Once they’ve set realistic organizational goals, the most successful leaders are unwavering in their commitment to making measurable forward progress every single day.
Consistency of action depends on a willingness to push back against outside forces.
Despite being an incredibly successful explorer, Amundsen was at his core a conservative guy who refused to embrace popular changes without sufficient evidence.
Scott, on the other hand, was blinded by “progress,” resulting in his decision to embrace a promising new technology – the motor sledge.
An early version of the snowmobile, the motor sledge SHOULD have given Scott’s team a huge advantage over Amundsen’s expedition, which was relying on more traditional dog sleds for transportation.

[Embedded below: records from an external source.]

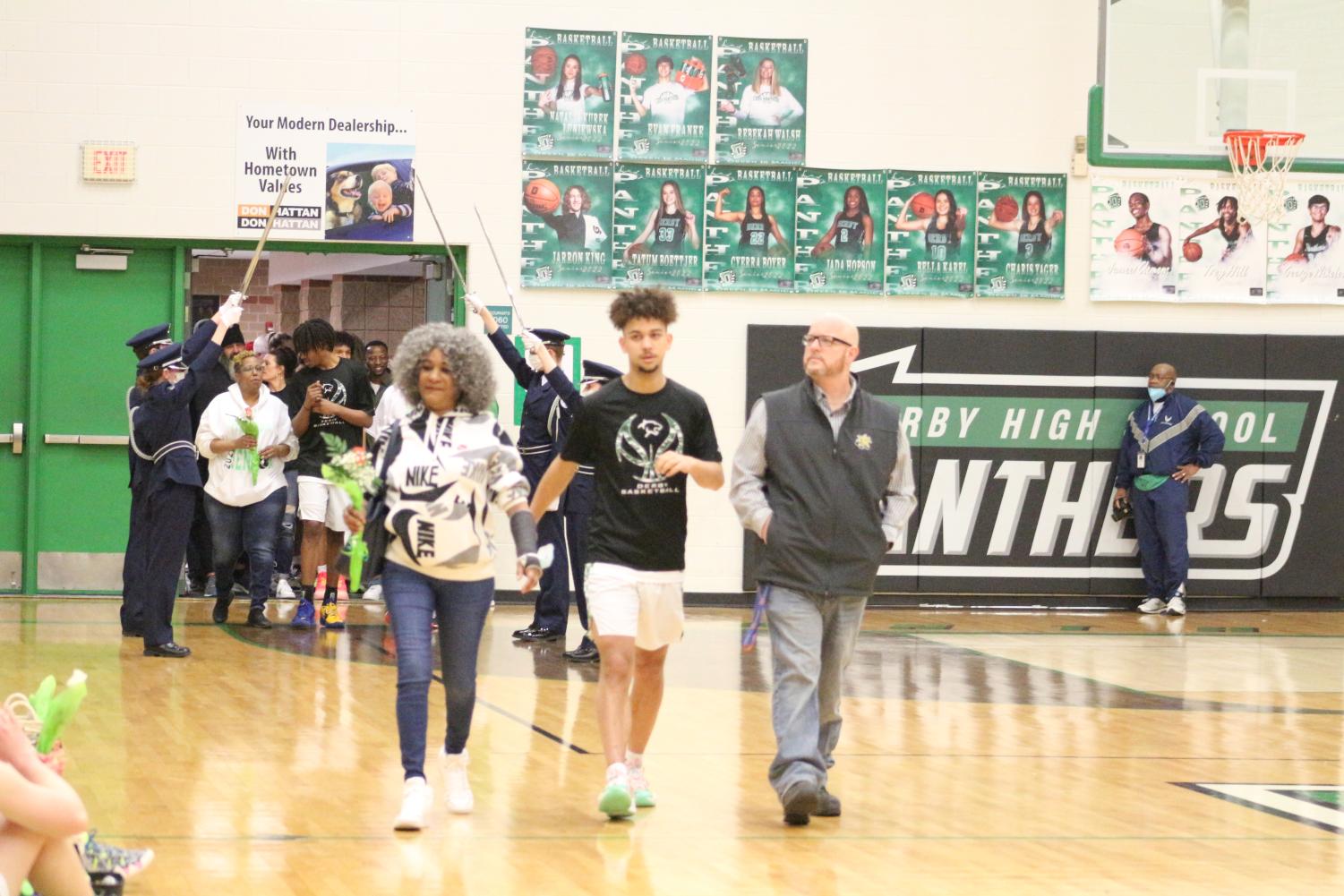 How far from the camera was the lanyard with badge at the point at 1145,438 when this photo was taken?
573 inches

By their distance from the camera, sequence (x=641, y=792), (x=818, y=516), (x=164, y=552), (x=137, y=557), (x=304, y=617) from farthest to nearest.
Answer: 1. (x=304, y=617)
2. (x=137, y=557)
3. (x=164, y=552)
4. (x=641, y=792)
5. (x=818, y=516)

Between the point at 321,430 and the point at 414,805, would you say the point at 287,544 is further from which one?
the point at 414,805

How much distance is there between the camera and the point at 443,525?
19.5ft

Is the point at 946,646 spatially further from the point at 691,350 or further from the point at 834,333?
the point at 834,333

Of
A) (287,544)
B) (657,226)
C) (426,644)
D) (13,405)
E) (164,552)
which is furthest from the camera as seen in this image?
(657,226)

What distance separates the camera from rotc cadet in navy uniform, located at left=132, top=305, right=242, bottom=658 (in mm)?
10141

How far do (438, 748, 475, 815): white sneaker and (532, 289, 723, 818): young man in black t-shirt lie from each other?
0.48 metres

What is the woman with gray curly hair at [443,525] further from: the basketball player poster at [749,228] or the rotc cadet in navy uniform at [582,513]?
the basketball player poster at [749,228]

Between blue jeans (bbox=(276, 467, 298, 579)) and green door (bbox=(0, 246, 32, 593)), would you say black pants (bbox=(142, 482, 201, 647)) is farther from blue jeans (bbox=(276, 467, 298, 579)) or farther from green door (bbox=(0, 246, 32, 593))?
green door (bbox=(0, 246, 32, 593))

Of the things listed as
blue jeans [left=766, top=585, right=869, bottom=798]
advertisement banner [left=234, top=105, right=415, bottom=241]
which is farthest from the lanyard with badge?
blue jeans [left=766, top=585, right=869, bottom=798]

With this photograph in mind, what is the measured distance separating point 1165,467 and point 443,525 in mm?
9813

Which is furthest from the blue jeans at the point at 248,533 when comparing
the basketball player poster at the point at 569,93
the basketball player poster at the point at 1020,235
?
the basketball player poster at the point at 1020,235

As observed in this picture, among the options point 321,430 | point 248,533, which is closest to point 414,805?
point 248,533

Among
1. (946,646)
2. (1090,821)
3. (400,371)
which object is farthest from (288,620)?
(1090,821) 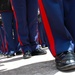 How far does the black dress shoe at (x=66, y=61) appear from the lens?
5.29 ft

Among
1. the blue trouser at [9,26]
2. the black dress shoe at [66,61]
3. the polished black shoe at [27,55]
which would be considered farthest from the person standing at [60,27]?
the blue trouser at [9,26]

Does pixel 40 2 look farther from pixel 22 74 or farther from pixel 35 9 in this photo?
pixel 35 9

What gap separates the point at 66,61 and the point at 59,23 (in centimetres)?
25

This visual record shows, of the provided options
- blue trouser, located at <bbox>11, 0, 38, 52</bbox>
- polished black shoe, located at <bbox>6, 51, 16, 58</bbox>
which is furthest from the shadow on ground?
polished black shoe, located at <bbox>6, 51, 16, 58</bbox>

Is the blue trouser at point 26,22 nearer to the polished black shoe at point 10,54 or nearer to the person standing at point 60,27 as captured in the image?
the polished black shoe at point 10,54

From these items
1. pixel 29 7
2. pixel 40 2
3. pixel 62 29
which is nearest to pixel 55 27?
pixel 62 29

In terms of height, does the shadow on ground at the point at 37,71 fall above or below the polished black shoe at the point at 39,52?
above

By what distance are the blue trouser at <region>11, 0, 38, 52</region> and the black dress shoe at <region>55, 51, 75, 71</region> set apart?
111 centimetres

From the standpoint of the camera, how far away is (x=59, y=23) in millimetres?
1713

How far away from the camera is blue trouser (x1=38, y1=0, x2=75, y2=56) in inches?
67.2

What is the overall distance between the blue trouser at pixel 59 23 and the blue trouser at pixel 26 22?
1017 millimetres

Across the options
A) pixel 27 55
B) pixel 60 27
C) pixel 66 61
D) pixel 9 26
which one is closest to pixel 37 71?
pixel 66 61

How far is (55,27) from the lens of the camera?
174 centimetres

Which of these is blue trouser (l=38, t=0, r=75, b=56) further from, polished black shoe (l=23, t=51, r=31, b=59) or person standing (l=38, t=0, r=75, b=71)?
polished black shoe (l=23, t=51, r=31, b=59)
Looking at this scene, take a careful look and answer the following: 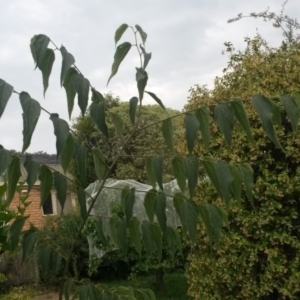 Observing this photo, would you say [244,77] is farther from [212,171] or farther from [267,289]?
[212,171]

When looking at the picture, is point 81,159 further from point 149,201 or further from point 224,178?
point 224,178

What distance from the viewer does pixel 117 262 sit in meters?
14.4

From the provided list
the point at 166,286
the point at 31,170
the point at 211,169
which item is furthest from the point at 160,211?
the point at 166,286

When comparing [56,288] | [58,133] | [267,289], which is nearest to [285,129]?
[267,289]

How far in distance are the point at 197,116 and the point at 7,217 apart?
3.26ft

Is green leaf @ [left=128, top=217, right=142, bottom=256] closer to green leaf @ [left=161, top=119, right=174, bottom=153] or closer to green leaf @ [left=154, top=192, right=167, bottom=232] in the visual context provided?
green leaf @ [left=154, top=192, right=167, bottom=232]

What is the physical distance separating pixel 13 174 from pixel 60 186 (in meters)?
0.15

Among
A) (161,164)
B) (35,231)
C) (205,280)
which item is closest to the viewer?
(161,164)

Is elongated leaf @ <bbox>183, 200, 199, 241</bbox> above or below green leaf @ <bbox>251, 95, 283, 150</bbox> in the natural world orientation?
below

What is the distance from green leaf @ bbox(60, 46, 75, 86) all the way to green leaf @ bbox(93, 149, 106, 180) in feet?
1.00

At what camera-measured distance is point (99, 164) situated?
1.88m

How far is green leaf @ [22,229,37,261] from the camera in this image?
1.80 metres

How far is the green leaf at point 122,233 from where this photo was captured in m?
1.91

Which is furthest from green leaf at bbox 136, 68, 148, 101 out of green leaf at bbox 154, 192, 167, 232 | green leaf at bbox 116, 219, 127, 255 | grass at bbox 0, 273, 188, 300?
grass at bbox 0, 273, 188, 300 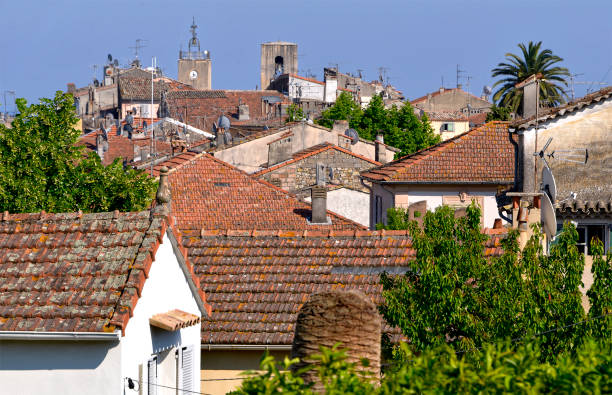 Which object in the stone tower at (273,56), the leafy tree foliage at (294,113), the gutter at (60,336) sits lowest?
the gutter at (60,336)

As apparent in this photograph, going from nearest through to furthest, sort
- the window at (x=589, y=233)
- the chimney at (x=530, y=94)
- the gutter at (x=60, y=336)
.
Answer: the gutter at (x=60, y=336) → the window at (x=589, y=233) → the chimney at (x=530, y=94)

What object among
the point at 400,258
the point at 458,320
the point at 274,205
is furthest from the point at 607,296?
the point at 274,205

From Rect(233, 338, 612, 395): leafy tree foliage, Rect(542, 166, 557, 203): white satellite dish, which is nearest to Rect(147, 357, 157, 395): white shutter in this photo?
Rect(233, 338, 612, 395): leafy tree foliage

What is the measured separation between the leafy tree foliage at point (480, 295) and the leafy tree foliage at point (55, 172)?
10377mm

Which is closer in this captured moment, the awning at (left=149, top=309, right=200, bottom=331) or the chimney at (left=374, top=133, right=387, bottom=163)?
the awning at (left=149, top=309, right=200, bottom=331)

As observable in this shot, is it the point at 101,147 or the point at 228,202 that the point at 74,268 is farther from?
the point at 101,147

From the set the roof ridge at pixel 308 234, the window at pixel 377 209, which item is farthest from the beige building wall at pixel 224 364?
the window at pixel 377 209

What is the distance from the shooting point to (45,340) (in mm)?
12688

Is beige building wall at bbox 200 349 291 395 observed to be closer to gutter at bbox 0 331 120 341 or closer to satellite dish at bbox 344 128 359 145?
gutter at bbox 0 331 120 341

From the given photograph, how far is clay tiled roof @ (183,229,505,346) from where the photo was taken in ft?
55.1

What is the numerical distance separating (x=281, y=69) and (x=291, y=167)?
8030cm

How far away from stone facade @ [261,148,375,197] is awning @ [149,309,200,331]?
3026cm

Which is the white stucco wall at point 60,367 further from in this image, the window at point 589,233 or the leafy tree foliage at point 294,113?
the leafy tree foliage at point 294,113

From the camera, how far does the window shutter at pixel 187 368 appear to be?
1512cm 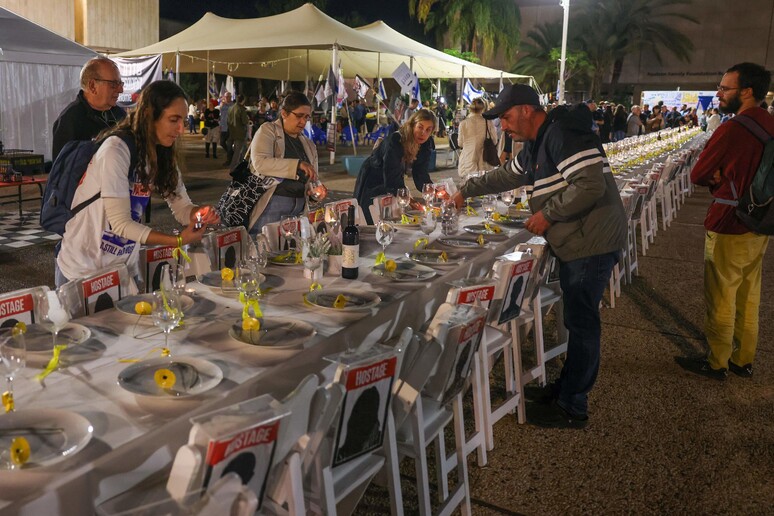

Unfortunately for Scott, the motor sledges – which hadn’t been previously tested in the South Pole – failed within the first few days of the expedition, leaving his men to “man haul” gear hundreds of miles through miserable conditions.
While Amundsen’s initial decision to ignore the motor sledge may have left him outside of the mainstream view of the direction that polar exploration was heading, he refused to conform to common expectations until he was convinced that those expectations were right for his team.
That’s an important lesson for organizational leaders: In a world of almost constant change, it’s difficult NOT to conform, isn’t it?
While it may be difficult to push back against outside expectations, however, resistance to the unsubstantiated whims that can leave an organization distracted is a defining trait of the most successful leaders.
Sure, Scott’s decision to head to the South Pole with motor sledges was sexy. But survival in harsh circumstances depends on something more than sexy.
It depends on consistency.
Is any of this making sense?
More importantly, how does your school measure up against Amundsen in terms of organizational discipline?
Are you setting realistic goals? Are you insisting on making measurable forward progress every single day? Are you resisting the inevitable distractions that bring down organizations every single day?
If not, are you prepared to be buried by circumstances?